Partner of defendant firm of solicitors taking option to purchase land as client’s nominee – Plaintiffs buying option for more than sum required to keep option alive – Excess used to discharge client’s liabilities to defendant – Whether excess held on trust by defendant – Whether defendant made fraudulent misrepresentations – Plaintiffs’ claim dismissed
In 1989 Lionhope Ltd (the company) purchased options over land on the Isle of Sheppey in connection with an extensive development project. The options were granted for a nominal consideration of £2 with a further sum payable within 21 days to keep them alive. S, a partner in the defendant firm of solicitors, acted for the company. When the company experienced cash flow difficulties S and G, the senior partner of the defendant firm, purchased the options from the company at the price needed to keep the options alive. Subsequently, S was granted directly from a grantor, inter alia, an option over land at Tadwell Farm for a nominal consideration of £2, with the sum of £48,450 to be paid within 21 days to keep the option alive. S took the option as nominee for the company. The plaintiffs agreed to purchase the Tadwell Farm option for £70,000 on the basis that the company would buy back the option before it was due to be exercised. The plaintiffs transferred £70,000 to the defendant’s client account and S assigned the option to the plaintiffs. The defendant had acted for the plaintiffs on previous occasions and it transferred £48,450 of the £70,000 to the grantor using the balance to reduce the liabilities of the company, or of the managing director of the company, C, to the defendant. Subsequently, the company went into receivership and was unable to buy back the option.

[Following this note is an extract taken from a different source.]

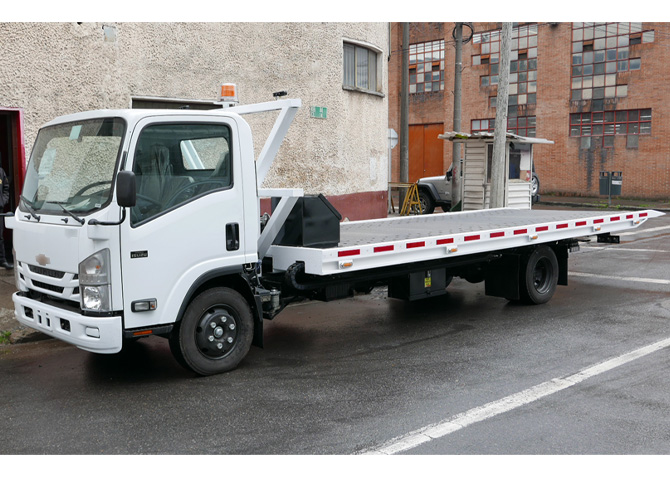 cama baja hidraulica sobre camion chevrolet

In 1993 the plaintiffs learnt of the true nature of the transaction and issued proceedings. The plaintiffs claimed they had regarded the defendant as acting for them and that they would not have entered into the transaction if they had thought it was S, and not the company or C, selling the option. It was contended that the defendant had held the £70,000 on trust to apply it solely to the option and by retaining the balance the defendant had acted in breach of trust, since it had misled the plaintiffs and profited from the transaction. It was also contended that the defendant had fraudulently misrepresented the position when offering the option by stating its cost as £70,000 and the opportunity to purchase the option was being made by C or the company.
Held The plaintiffs’ claim was dismissed.
1. The plaintiffs had agreed to pay £70,000 for the assignment of the option from C or the company. The transaction was similar to a subsale and therefore what C or the company did with that money apart from assuring the option was kept alive was a matter for them. Accordingly, there had been no breach of trust.
2. The representation that C or the company was the seller of the option was not false, even though S had been the legal owner, because it had been for C or the company to conclude the agreement for its sale. There had been no misrepresentation in the statement that the price for the assignment was £70,000 since it had not been stated that the price was linked to the sum required to keep the option alive. In any event, if S had made such a representation, he did not know of the sum required to keep the option alive and therefore any representation could not have been made fraudulently.
Nigel Burroughs (instructed by Hartley Linfoot & Whitlam, of Sheffield) appeared for the plaintiffs; Andrew Stafford (instructed by Wansbroughs Willey Hargrave, of Leeds) appeared for the defendant.